WORK TO COMPLETE >>
Here the job is to transcribe the data exactly while omitting the images.

COLLECTED DATA >>
——

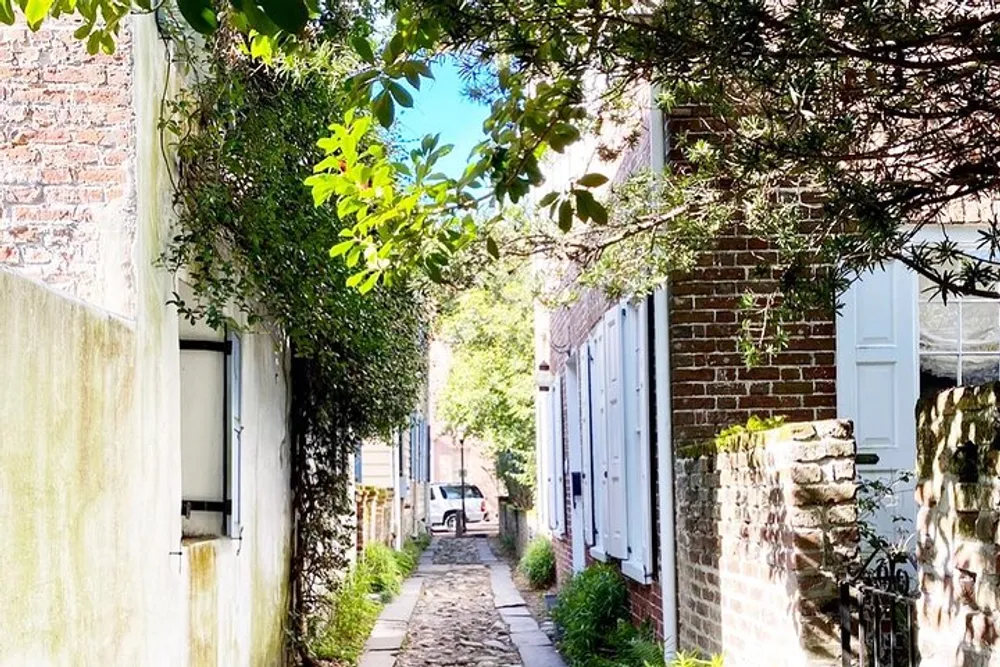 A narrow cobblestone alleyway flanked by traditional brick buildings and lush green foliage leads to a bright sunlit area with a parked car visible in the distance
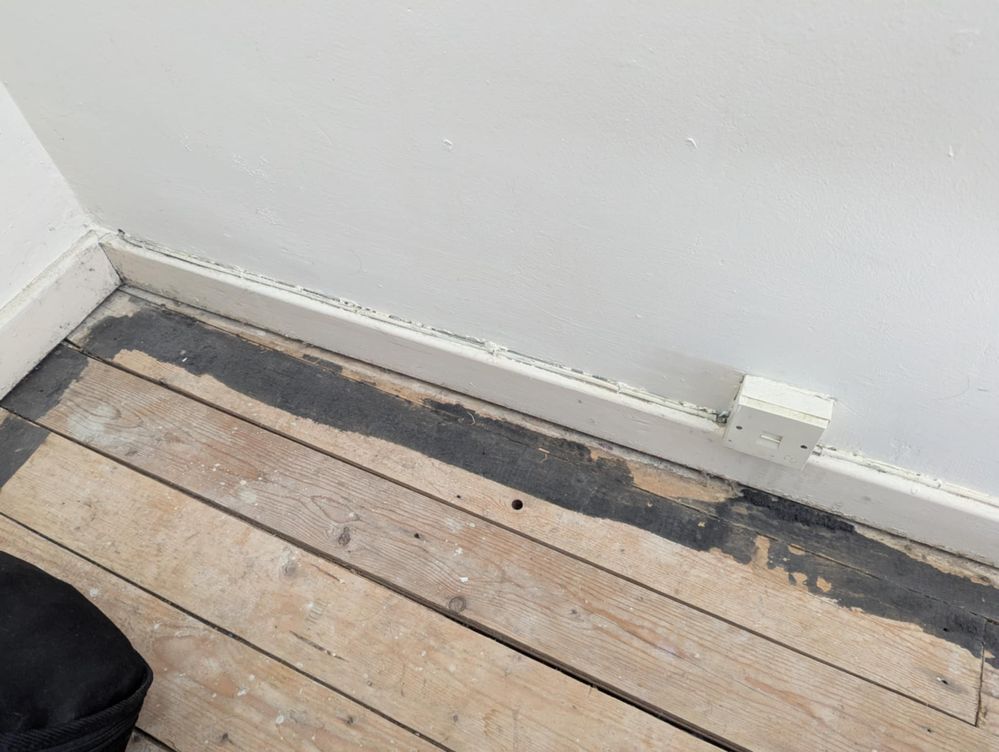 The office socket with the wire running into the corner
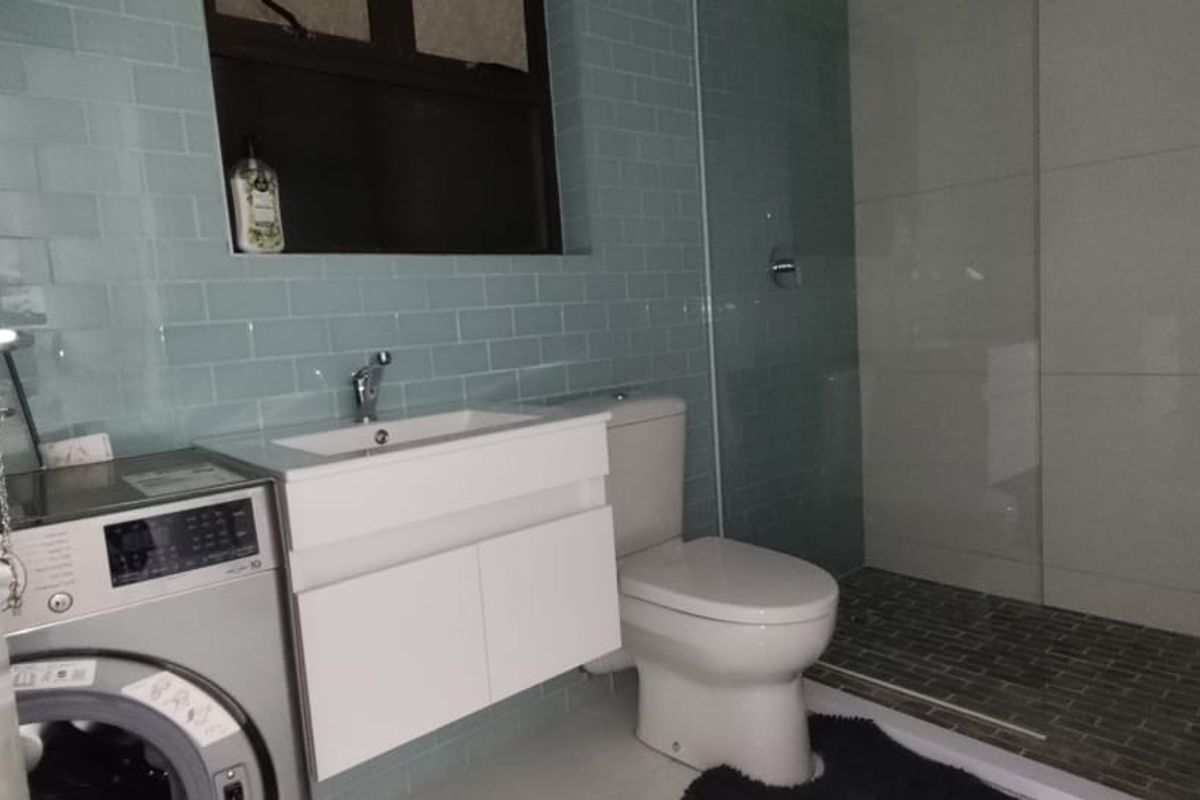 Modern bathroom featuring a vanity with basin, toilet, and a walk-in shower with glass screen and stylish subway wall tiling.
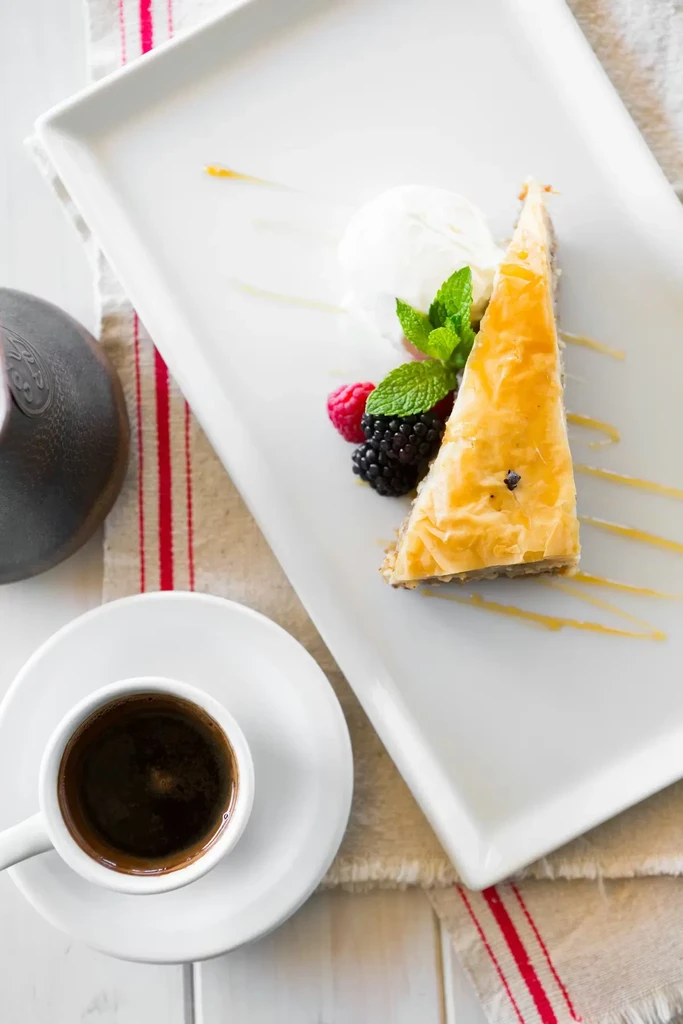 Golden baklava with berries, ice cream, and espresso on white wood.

——

ANSWER AREA >>
 A narrow cobblestone alleyway flanked by traditional brick buildings and lush green foliage leads to a bright sunlit area with a parked car visible in the distance
 The office socket with the wire running into the corner
 Modern bathroom featuring a vanity with basin, toilet, and a walk-in shower with glass screen and stylish subway wall tiling.
 Golden baklava with berries, ice cream, and espresso on white wood.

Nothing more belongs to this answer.